Fonte: Class CNBC

Nuove uscite volontarie dagli stabilimenti italiani di Stellantis, questa volta a Melfi. Per l’impianto della provincia di Potenza, in Basilicata, si prospettano 500 esuberi, che seguono i 300 di Pomigliano e i 50 di Pratola Serra, entrambi in Campania. Oggi potrebbero arrivarne altri a Termoli (Molise), dove il progetto di riconversione in gigafactory sembra fermo.

Su Melfi pesano i dati negativi degli ultimi mesi, che ne fanno uno degli stabilimenti con la maggiore perdita di volumi: nel primo trimestre la produzione è scesa sotto le 10 mila auto (-64,6%), un calo che prosegue da anni. Insieme alle auto diminuiranno anche i dipendenti, che potrebbero passare da 5.361 a 4.861. E questo nonostante i nuovi modelli in arrivo a Melfi, a partire dalle nuove Jeep, Lancia e Ds 7 elettriche.

Per i sindacati il rischio di uno svuotamento è sempre più concreto. «Tutto questo accade quando ancora non è stato scelto il nuovo ceo e quindi siamo ancora senza un piano industriale per il rilancio degli stabilimenti italiani. Sembra si stia configurando una vera e propria dismissione dall’Italia», dichiara Samuele Lodi, segretario nazionale Fiom-Cgil e responsabile settore mobilità.

«Per tali ragioni non abbiamo firmato gli esuberi. Vogliamo l’apertura di un confronto vero a Palazzo Chigi con il presidente John Elkann per arrivare a un accordo che garantisca l’occupazione e il futuro dell’automotive italiano».

La casa italo-francese è in un momento complicato. Nel primo trimestre i ricavi sono scesi a 35,8 miliardi (-14%) per colpa soprattutto del calo delle consegne negli Usa. E anche il futuro resta un’incognita a causa dei dazi di Trump.

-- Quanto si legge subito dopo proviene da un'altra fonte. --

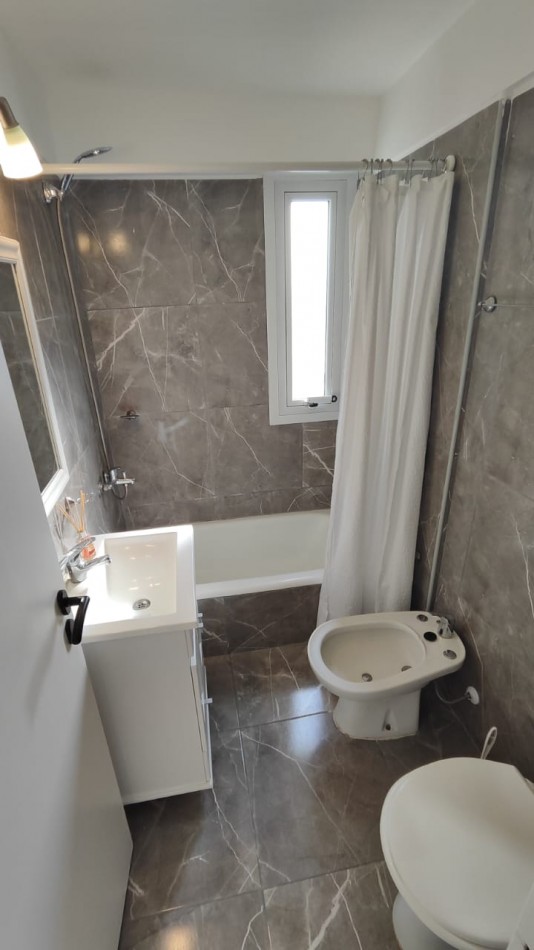 VENTA 3 AMBIENTES CON BALCON Y COCHERA-CENTRO-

In Europa invece il gigante italo-francese vuole accelerare la costruzione dei modelli Fiat e ha raddoppiato il personale italiano in Serbia, dove viene assemblata la Grande Panda ibrida ed elettrica. È qui che sono finiti alcuni dipendenti di Melfi, che hanno accettato la proposta di trasferimento nei Balcani per uscire dalla cassa integrazione.